Novas regras da CNH exigem exame toxicológico nas categorias A e B.

Tirar a primeira habilitação ficou mais rigoroso no Brasil. No apagar das luzes do último ano, o Congresso Nacional incluiu uma nova barreira para quem pretende conquistar a CNH (Carteira Nacional de Habilitação) nas categorias A e B: o exame toxicológico obrigatório.

A partir de agora, não basta dominar volante e legislação; será preciso provar que não houve consumo recente de substâncias ilícitas. A exigência amplia o controle sobre o perfil dos novos motoristas.

O teste analisa um histórico que pode retroceder por vários meses e funciona como filtro adicional antes da liberação do documento. A intenção declarada é reforçar a segurança no trânsito e reduzir riscos associados ao uso de drogas ao volante.

Ao mesmo tempo, a mudança altera a rotina dos candidatos, que passam a depender de mais uma etapa médica para concluir o processo de habilitação.

Exame toxicológico para a CNH: o que saber

Para quem busca a primeira CNH A (moto) ou B (carro), a regra vale desde o fim do ano passado e altera a jornada do candidato. Agora, além da formação teórica e prática, há a checagem toxicológica.

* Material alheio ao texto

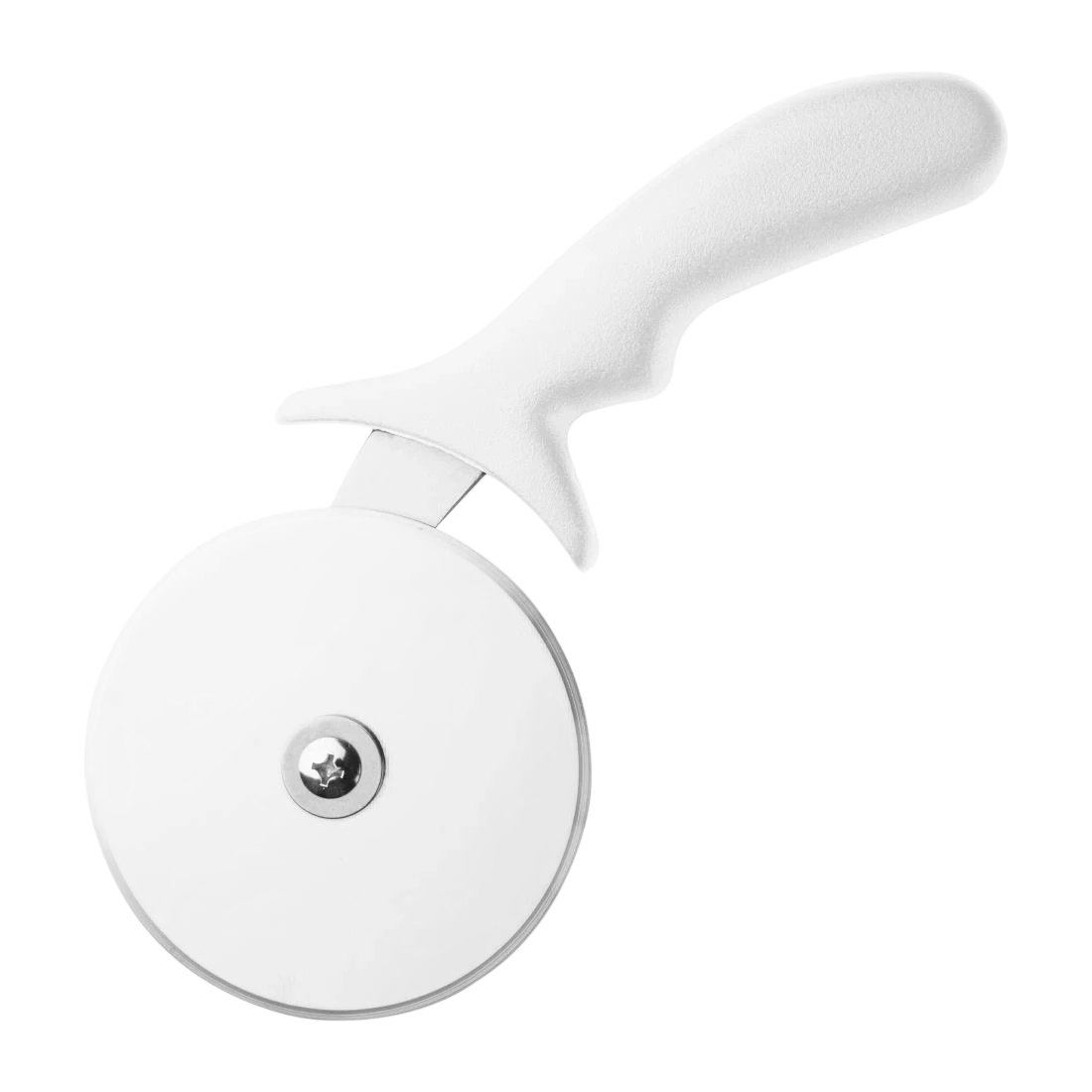 Hygiplas FX133 Pizza Wheel White - 102mm 4" product image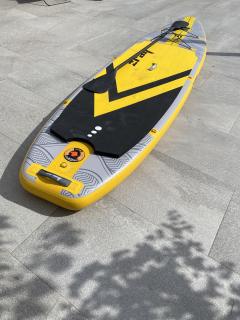 Louer le paddle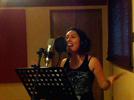 DANA SANCHEZ CANTANDO SINGLE DE CECIL GONZALEZ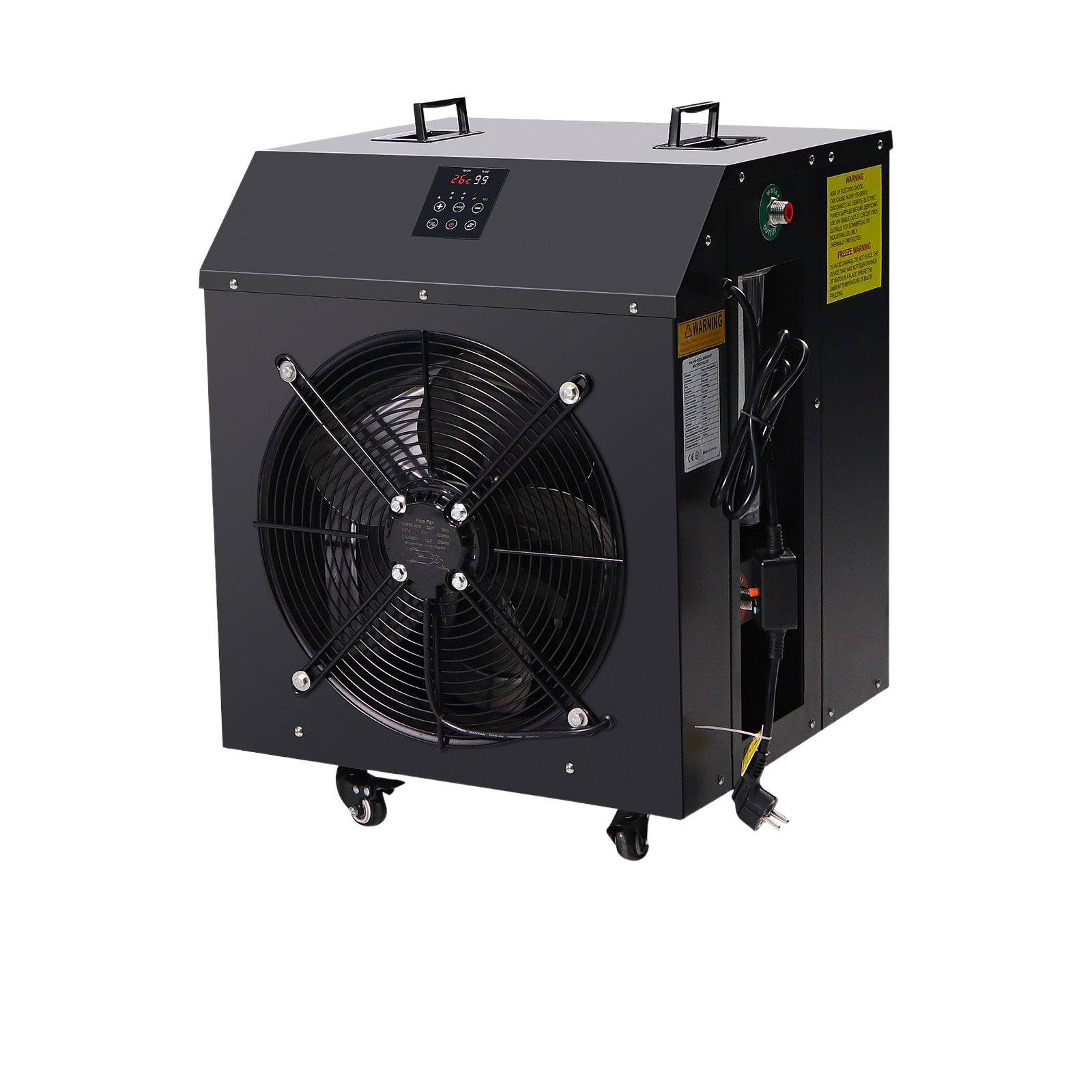 NR-2.0HP Ice Bath Machines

Durante o teste, um profissional de saúde coleta material de unhas, cabelos ou pelos do corpo, seguindo protocolos. Em seguida, o laboratório analisa as amostras e registra o achado em laudo. Assim, o Detran concede ou nega a permissão, conforme a presença de substâncias entre 90 e 180 dias anteriores ao teste.

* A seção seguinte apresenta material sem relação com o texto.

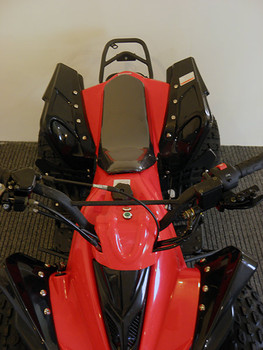 квадроцикл ATV CARBON 125 4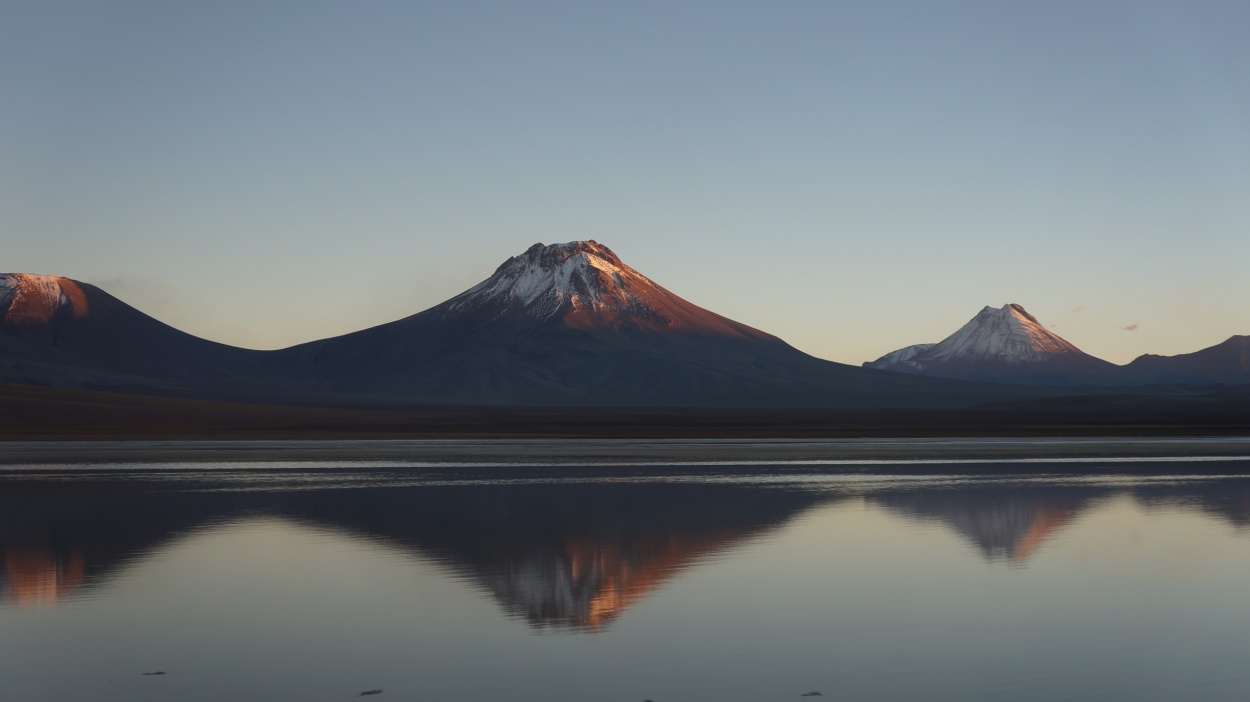 "espejo al natural.." de Ruben Alex Villarroel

O exame não mede concentração, e sim presença. Portanto, traços antigos, mesmo em baixa quantidade, ainda podem aparecer porque unhas e fios mantêm histórico biológico mais estável que sangue ou urina.

Nesse cenário, a cocaína lidera as detecções, já que seus metabólitos persistem por longo tempo.

Substâncias que reprovam

Algumas classes levam à reprovação quando detectadas, independentemente da dose ou do intervalo dentro da janela. Segundo a médica Aryadyne Bueno, em entrevista ao G1, os grupos abaixo reúnem exemplos recorrentes.

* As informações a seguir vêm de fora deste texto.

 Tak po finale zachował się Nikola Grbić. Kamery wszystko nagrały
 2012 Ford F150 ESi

  • Anfetaminas: Rebite, Ecstasy (MDMA) e Bolinha.
  • Canabinoides: Maconha, Haxixe, Skunk.
  • Opiáceos/Opioides: Morfina, Heroína, Ópio bruto e Oxicodona.
  • Cocaína: Cocaína, Crack, Bazuca.
  • Outros: Mazindol (remédio para emagrecimento).

O que não reprova

O exame não detecta álcool nem cigarro, mas ainda que houvesse detecção, hoje isso não reprova. Já medicamentos controlados só preocupam quando pertencem a opiáceos/opioides ou estimulantes semelhantes a anfetaminas. Portanto, informe ao laboratório e ao Detran qualquer uso e apresente a receita.

Mitos frequentes

Diante das mudanças, quem pretende dirigir precisa planejar o calendário, considerando a janela de até 180 dias de detecção. Assim, a preparação adequada reduz riscos de impedimento e garante uma candidatura alinhada às novas exigências. Também vale deixar de lado alguns mitos, tais como:

  • Raspar o cabelo não resolve, pois unhas e pelos servem como alternativa.
  • Água, chás ou outras “limpezas” não aceleram a eliminação dos marcadores.

A modernização com aplicativo, aulas online e instrutores autônomos promete simplificar etapas para quem sonha com a CNH. Contudo, a conformidade toxicológica segue central, e a incidência reforça a necessidade de atenção antes da inscrição.